Just for the uninitiated, a Weibull distribution is a type of probability distribution that is used a lot in reliability engineering. The ‘beta’ refers to what we call a shape parameter, which describes the nature in which failure occurs.
Topics include:
- Order of data shouldn’t matter … if we are looking at time to failure. The first step of any random data analysis is to order the data from smallest to largest. Unless … we are talking about a ‘renewal process.’ This is where you might have a single machine that works until it fails, and then it is repaired, and it keeps working. In which case … the order of data does matter. In a renewal process, one machine might have lots of times to failure (noting it gets repaired). This means that we can’t use probability distributions to describe single times to failure (like a Weibull distribution).

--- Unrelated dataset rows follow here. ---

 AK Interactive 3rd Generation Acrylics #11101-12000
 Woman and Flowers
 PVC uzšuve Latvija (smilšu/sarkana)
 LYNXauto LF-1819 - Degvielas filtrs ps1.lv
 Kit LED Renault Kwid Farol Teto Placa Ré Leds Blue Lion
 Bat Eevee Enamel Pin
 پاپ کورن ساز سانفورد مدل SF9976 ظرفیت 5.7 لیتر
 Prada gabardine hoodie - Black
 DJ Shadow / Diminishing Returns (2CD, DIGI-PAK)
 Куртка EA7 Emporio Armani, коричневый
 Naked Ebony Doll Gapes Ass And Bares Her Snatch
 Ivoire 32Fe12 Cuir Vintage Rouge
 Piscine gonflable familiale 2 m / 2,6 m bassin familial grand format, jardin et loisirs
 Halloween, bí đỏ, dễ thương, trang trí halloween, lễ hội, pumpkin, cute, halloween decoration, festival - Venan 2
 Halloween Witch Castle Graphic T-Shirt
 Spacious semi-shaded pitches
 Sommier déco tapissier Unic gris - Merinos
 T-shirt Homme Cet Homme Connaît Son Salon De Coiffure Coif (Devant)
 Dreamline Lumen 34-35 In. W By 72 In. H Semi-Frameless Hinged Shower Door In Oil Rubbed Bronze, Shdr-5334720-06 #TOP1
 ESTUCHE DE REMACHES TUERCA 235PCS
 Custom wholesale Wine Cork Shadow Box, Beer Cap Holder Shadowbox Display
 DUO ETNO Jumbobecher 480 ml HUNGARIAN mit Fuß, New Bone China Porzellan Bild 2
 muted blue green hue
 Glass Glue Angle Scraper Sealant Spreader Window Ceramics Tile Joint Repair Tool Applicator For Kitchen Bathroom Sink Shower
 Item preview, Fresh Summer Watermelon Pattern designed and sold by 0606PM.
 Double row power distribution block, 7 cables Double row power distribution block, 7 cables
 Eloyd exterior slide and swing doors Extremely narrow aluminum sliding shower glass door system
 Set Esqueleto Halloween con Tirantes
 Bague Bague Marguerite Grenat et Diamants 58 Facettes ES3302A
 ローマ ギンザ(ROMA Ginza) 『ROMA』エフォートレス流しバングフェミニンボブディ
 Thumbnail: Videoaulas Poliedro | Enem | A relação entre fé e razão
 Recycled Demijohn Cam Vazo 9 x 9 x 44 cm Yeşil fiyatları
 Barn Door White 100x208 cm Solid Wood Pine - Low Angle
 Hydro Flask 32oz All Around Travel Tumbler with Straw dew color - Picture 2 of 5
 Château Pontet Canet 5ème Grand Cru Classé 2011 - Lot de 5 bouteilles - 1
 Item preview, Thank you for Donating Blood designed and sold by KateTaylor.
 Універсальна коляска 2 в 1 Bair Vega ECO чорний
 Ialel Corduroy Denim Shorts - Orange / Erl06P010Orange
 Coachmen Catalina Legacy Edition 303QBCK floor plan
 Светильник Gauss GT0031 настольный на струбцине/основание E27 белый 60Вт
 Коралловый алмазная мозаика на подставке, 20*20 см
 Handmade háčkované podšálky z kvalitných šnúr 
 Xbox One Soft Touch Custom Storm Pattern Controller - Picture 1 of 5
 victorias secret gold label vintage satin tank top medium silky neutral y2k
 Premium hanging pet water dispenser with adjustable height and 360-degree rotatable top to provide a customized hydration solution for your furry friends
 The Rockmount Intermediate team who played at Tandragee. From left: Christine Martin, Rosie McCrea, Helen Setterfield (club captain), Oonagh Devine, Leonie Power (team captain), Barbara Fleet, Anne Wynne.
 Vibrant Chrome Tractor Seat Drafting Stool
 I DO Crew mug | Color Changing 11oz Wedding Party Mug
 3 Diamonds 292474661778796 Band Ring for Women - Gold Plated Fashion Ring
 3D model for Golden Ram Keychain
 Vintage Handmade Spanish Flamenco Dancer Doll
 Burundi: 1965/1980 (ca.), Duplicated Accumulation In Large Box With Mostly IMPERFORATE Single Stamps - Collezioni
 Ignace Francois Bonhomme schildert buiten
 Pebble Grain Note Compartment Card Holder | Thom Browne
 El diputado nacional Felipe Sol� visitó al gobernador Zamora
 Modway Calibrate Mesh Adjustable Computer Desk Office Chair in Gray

- But what if it is a renewal process? Then we can perhaps examine monthly failure rates, or the Mean Cumulative Function (MCF) to identify trends over time. And by trends, we mean failure rate behaviors that show wear-in, wear-out or something in between. If you are really interested in getting to the bottom of what is going on, then research this thing called the nonhomogenous Poisson process.
- OK … so what if it is simple ‘time to failure?’ Well before we talk about ‘betas,’ we need to confirm the Weibull distribution is an appropriate model. It is sometimes useful to break down failure into failure modes. If there are different failure modes, they might be modelled by different Weibull distributions. For example, if a system fails due to wear-in around half the time, and wear-out the other half, then fitting a Weibull distribution might try and ‘average’ the two and (incorrectly) conclude the system has a constant or non-changing failure rates. So always confirm you have the right model.
Enjoy an episode of Speaking of Reliability. Where you can join friends as they discuss reliability topics. Join us as we discuss topics ranging from design for reliability techniques to field data analysis approaches.
- Social:
- Link:
- Embed:
Show Notes
Keyvan Ehsanifard says
Hello Fred & Chris,
First and foremost, thank you so much for this interesting conversation over the questions I posted earlier 🙂
I understood I should have explained the context better. I do it now! I work mainly in the continuous processes (dominantly in the Oil & Gas). Thus my case studies are mainly repairable mechanical or electrical equipment items with few failure data points over a course of years. I am trying to promote using RAM as a supplementary solution to less quantitative solutions such as RCM, RCA, RBI, etc. We do try to improve equipment / system bad actors using identification of failure modes and then mechanisms.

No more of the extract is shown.